Vendredi 28 février 2020 à 07h

Cette semaine, Françoise de Mont-près-Chambord nous fait parvenir la photo d’une armoire qu’elle tient de ses parents et probablement de ses grands-parents et arrières grands-parents. Me Philippe Rouillac, commissaire-priseur, nous donne son avis.



L’armoire de Françoise résonne a fortiori comme une « madeleine de Proust » dans la mémoire de bon nombre de nos lecteurs. Cet élément important du mobilier est un modèle classique qui composait souvent l’intérieur des maisons. Il était placé dans la chambre pour ranger le linge sinon dans le salon pour le mettre en valeur aux yeux des invités. En somme, l’armoire constituait un jalon important du décor. Mais plus qu’un effet mobilier, ce meuble revêt une valeur affective car s’inscrivant dans la culture populaire. L’armoire est le cadeau de mariage par excellence. Elle remplace le coffre en tant que présent nuptial dès le XVIIIe siècle. À la naissance d’une fille, les heureux parents plantaient un arbre en vue d’utiliser le bois pour servir à la création d’une armoire. En revanche, l’armoire n’est pas le cadeau à offrir à un jeune homme. Ses parents lui réservaient un buffet.

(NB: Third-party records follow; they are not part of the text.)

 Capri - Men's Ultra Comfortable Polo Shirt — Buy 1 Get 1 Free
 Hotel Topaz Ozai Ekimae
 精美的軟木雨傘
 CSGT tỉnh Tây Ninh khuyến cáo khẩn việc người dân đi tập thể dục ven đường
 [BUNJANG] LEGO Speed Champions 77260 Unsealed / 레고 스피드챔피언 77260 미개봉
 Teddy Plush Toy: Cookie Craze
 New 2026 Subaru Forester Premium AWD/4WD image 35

Le décor du meuble reflète largement les moyens financiers. Plus le décor est riche, plus il témoigne du rang social élevé des parents. À l’inverse, un décor simple reflète une condition plus modeste. Dans le cas de l’armoire de Françoise, il semble qu’il faille se situer dans un juste milieu. D’un côté, le menuisier a utilisé de la loupe pour le placage, alors même que la plupart des armoires sont en noyer. La loupe, c’est-à-dire une excroissance ligneuse causée par une piqûre d’insecte est une matière précieuse car relativement rare. D’un autre côté, le décor est peu sculpté, ce qui reflète un travail relativement humble. L’artisan a plutôt mouluré le bois afin de créer une ornementation. Reste néanmoins que cette armoire présente des formes généreuses. La partie inférieure, appelée tablier, est chantourné. Elle présente de fortes sinuosités. Quant aux pieds antérieurs, ils sont largement courbés et se terminent en escargot.

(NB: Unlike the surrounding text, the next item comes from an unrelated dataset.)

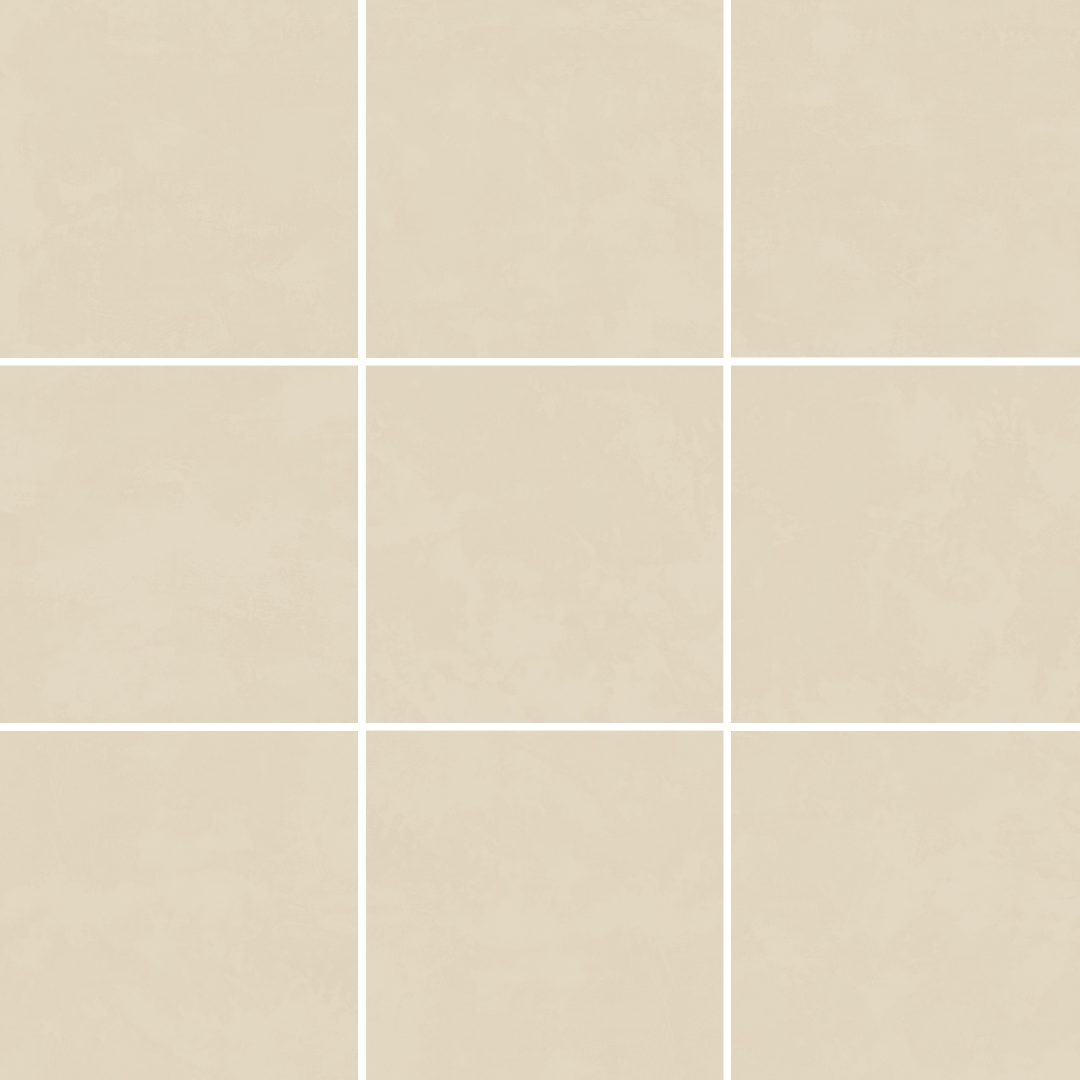 Soft Sand Brushed Cement Look Italian Rectified Porcelain Tile 0513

Ces motifs et formes sont caractéristiques d’une production : le style Louis XV. En revanche, il est impossible que cette armoire ait été produite sous le règne du Bien-Aimé. Elle se présente comme une réalisation produite dans le style ancien. En effet, la plupart de ces armoires a été réalisée au XIXe siècle et particulièrement dans la seconde moitié entre 1850 et 1914. Françoise semble avoir un doute en ce qui concerne sa provenance et se demande si cette armoire lui vient bien de ses grands-parents et arrières grands-parents originaires du Berry. Nous croyons qu’il est tout à fait possible que cette provenance soit celle qu’elle imagine, car cette armoire est un bon exemple de la production du Centre de la France.

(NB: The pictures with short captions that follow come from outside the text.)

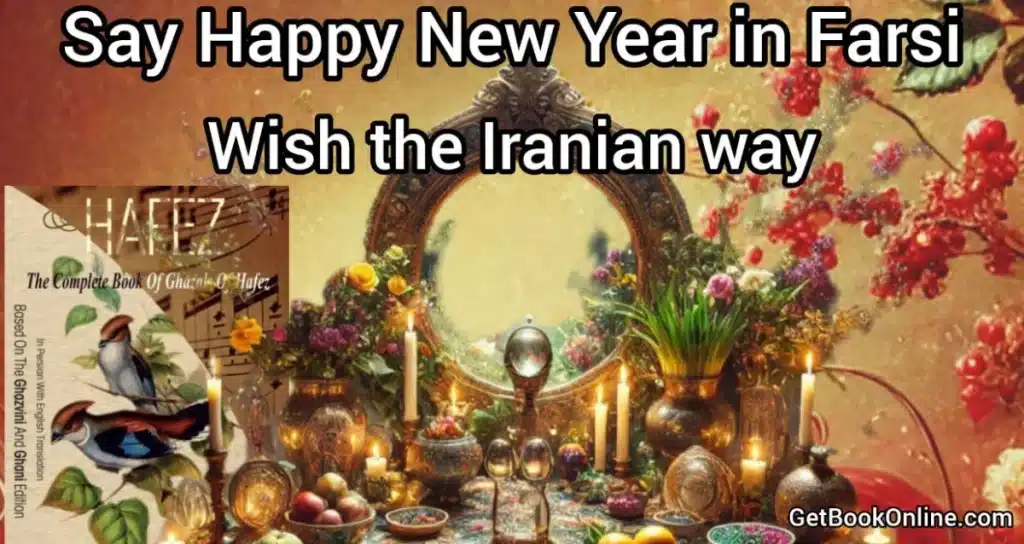 Happy New Year in Farsi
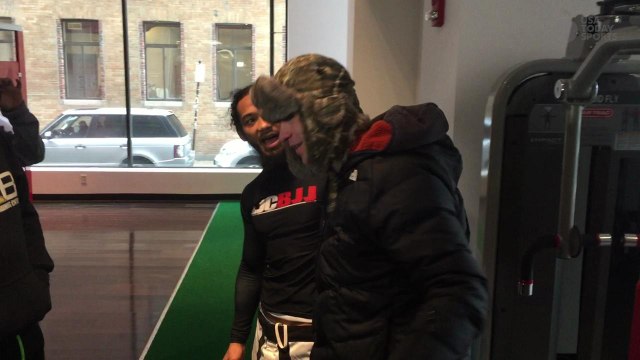 Benson Henderson, Donald Cerrone meet before UFC Fight Night 59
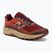 Încălțăminte de alergare pentru bărbați New Balance Rebel Trail V1 maple/neo flame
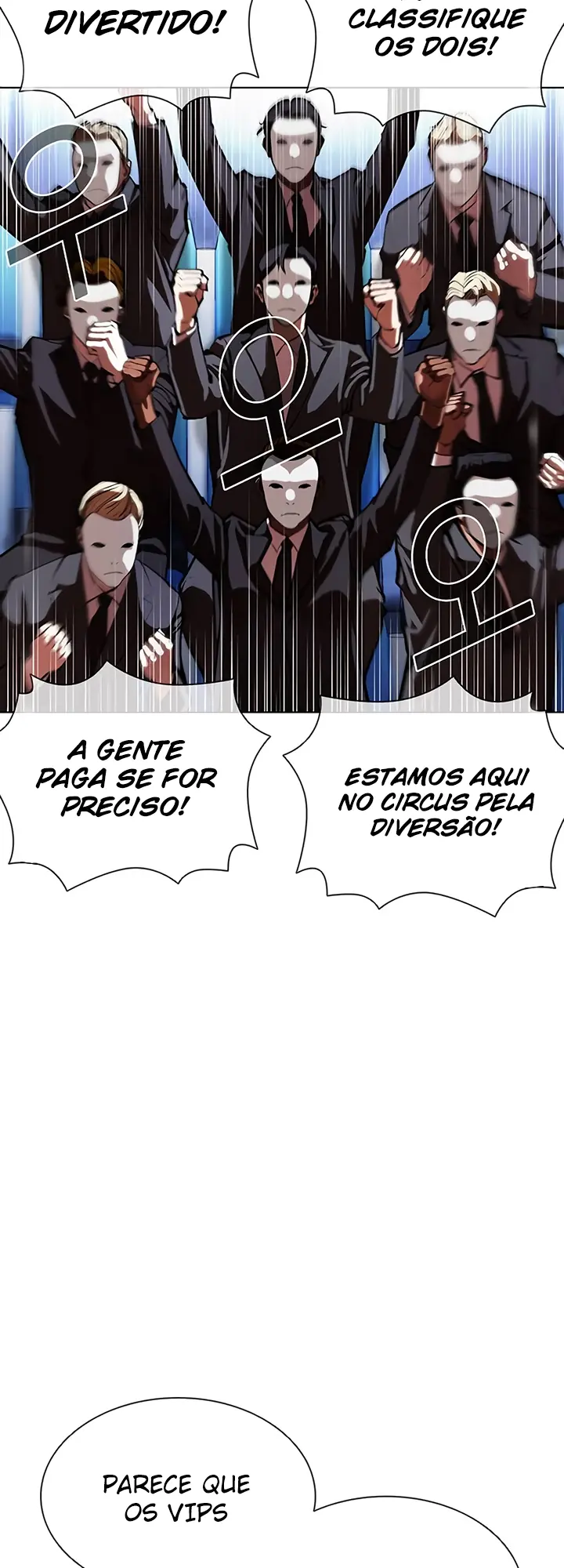 Read Aparências (PT-BR) PT Manga Online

Aujourd’hui, ces meubles sont peu recherchés. Ils correspondent moins au goût et surtout aux dimensions des maisons contemporaines. Les plafonds étant plus bas, il est difficile de loger de tels meubles. D’ailleurs, l’absence de la corniche est peut-être révélatrice du manque de place dans la maison de Françoise ? Plus l’armoire est haute, plus le prix est bas… En raison de ses dimensions qui paraissent relativement importantes, nous pourrions estimer cette jolie armoire du Val-de-Loire produite au XIXe siècle autour de 100 euros. En vertu de ce prix modeste, j’invite notre lectrice à conserver cette armoire d’autant qu’elle constitue un élément essentiel du patrimoine familial.